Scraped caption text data
Start of Block

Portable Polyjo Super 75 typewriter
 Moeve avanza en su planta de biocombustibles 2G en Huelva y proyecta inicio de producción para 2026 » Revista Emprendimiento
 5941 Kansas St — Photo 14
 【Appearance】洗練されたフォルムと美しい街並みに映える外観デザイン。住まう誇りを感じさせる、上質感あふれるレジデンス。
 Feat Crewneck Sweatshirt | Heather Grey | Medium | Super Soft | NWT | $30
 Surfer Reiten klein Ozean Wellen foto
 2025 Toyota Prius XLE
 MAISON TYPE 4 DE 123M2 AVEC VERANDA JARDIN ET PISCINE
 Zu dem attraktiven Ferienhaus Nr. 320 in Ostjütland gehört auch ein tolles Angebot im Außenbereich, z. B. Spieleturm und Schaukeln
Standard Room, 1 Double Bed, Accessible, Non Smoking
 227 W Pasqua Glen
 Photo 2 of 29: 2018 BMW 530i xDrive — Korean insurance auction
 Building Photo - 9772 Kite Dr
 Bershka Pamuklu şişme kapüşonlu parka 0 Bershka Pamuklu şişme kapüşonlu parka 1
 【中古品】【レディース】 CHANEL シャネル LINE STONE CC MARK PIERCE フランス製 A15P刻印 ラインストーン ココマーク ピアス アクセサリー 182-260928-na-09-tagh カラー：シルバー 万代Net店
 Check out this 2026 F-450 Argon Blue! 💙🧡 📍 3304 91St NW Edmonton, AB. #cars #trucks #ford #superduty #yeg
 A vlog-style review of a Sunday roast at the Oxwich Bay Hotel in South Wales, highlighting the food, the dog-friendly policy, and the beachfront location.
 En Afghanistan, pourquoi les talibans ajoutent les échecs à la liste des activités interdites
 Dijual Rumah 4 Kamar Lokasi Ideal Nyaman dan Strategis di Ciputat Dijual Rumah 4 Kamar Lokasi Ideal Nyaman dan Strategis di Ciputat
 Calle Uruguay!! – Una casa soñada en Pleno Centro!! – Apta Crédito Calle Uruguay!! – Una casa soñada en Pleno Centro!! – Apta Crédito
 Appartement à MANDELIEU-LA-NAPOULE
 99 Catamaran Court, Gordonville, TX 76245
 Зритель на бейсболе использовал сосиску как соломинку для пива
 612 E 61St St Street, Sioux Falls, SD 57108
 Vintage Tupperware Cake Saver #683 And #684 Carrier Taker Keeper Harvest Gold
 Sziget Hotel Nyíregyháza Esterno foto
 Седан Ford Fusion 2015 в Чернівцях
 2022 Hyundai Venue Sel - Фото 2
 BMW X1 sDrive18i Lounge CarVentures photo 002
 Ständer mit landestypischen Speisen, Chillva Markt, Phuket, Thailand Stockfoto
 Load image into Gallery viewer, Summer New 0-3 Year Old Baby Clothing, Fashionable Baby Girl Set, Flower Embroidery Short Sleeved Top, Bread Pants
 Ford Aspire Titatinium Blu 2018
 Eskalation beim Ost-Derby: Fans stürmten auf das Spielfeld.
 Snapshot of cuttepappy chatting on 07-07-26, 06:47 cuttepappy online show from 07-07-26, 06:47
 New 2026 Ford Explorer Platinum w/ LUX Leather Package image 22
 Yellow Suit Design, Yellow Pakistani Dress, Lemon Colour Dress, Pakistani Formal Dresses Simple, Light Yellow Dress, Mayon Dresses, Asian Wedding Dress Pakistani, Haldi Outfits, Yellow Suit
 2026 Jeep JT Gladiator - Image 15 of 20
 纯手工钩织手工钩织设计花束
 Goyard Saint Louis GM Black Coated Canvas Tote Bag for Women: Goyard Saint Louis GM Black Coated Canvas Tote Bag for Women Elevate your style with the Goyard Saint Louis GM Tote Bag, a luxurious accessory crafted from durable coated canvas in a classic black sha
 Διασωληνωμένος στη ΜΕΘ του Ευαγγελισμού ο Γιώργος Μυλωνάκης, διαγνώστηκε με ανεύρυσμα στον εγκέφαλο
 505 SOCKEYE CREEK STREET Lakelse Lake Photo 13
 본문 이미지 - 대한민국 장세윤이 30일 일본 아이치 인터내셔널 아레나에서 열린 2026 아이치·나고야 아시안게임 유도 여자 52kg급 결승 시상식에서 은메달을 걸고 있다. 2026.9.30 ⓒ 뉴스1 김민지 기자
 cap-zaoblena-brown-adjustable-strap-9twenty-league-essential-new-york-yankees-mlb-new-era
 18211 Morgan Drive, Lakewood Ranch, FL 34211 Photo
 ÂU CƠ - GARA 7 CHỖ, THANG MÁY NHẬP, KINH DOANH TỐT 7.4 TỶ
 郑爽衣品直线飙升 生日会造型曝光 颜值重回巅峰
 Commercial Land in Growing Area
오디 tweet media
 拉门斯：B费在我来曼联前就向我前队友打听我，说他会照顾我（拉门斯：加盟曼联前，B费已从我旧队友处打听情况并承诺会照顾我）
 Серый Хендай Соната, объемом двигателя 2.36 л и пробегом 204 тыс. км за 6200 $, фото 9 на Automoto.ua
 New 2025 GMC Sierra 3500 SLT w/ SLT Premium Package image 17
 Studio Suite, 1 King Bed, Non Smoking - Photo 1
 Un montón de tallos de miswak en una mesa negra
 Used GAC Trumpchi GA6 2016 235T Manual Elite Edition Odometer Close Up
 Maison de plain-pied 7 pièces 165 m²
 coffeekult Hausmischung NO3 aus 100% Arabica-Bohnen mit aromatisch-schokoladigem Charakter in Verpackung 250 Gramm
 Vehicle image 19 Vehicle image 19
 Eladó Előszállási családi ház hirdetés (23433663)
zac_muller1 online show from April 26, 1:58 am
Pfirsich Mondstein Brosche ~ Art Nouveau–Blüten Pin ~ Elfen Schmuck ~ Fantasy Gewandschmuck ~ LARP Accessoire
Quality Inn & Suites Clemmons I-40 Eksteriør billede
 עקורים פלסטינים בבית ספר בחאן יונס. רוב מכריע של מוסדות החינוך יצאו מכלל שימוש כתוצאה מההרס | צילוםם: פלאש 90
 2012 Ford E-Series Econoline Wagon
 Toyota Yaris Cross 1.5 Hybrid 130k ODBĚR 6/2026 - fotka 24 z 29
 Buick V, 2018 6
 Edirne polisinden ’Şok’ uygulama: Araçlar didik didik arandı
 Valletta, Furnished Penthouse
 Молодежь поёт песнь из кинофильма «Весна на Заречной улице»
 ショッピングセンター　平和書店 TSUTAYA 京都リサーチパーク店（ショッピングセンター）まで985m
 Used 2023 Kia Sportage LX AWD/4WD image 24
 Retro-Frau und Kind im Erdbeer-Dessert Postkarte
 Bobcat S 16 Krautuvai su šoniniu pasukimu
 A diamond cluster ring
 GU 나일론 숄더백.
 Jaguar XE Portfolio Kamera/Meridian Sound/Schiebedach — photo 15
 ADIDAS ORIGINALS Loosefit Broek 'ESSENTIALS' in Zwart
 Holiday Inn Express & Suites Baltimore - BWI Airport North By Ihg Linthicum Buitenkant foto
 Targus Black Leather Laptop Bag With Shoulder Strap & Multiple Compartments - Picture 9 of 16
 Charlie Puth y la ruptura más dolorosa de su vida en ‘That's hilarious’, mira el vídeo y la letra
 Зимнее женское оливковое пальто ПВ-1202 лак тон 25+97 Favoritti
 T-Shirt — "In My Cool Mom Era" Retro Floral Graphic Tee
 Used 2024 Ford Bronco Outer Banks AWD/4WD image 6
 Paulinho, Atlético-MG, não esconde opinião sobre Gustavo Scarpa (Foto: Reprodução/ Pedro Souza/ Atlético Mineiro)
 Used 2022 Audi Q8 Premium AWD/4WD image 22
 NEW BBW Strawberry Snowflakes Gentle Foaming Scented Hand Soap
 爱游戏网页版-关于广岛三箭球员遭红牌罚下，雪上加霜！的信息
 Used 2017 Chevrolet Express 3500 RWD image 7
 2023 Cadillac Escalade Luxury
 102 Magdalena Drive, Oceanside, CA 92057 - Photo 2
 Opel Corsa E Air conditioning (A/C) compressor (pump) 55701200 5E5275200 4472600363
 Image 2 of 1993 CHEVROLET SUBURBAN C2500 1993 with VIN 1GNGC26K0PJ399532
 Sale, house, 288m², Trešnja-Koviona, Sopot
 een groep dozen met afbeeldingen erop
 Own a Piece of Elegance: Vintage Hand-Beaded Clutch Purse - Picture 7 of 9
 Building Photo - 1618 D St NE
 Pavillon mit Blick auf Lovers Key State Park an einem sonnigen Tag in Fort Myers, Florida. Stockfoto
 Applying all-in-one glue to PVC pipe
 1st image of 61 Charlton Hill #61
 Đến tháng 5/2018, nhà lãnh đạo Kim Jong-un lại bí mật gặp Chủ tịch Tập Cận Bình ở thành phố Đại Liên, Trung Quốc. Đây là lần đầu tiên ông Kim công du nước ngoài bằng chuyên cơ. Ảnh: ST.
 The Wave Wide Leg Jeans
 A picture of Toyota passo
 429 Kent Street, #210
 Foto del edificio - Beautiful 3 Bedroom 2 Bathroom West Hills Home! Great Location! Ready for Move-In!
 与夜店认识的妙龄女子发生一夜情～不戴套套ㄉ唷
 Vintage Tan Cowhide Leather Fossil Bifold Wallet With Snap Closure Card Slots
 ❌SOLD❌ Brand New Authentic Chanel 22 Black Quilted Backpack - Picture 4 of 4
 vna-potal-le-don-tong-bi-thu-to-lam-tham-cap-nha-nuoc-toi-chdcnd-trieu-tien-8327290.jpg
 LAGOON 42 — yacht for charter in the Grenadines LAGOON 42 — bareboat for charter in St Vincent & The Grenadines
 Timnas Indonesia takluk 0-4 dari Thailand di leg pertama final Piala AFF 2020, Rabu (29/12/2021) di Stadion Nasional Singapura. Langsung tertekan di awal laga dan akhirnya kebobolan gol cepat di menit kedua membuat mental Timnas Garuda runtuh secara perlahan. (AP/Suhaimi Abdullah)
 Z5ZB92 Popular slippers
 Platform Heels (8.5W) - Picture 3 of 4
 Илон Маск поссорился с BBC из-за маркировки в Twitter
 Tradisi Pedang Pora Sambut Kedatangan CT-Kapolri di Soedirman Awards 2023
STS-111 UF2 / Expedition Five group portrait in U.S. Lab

End of Block

Description of the task> Give back, exactly as written, the stretch from the line with "Floral Graphic Tee" through the line with "102 Magdalena Drive, Oceanside, CA", and no other lines from the records above.

Reply>
 T-Shirt — "In My Cool Mom Era" Retro Floral Graphic Tee
 Used 2024 Ford Bronco Outer Banks AWD/4WD image 6
 Paulinho, Atlético-MG, não esconde opinião sobre Gustavo Scarpa (Foto: Reprodução/ Pedro Souza/ Atlético Mineiro)
 Used 2022 Audi Q8 Premium AWD/4WD image 22
 NEW BBW Strawberry Snowflakes Gentle Foaming Scented Hand Soap
 爱游戏网页版-关于广岛三箭球员遭红牌罚下，雪上加霜！的信息
 Used 2017 Chevrolet Express 3500 RWD image 7
 2023 Cadillac Escalade Luxury
 102 Magdalena Drive, Oceanside, CA 92057 - Photo 2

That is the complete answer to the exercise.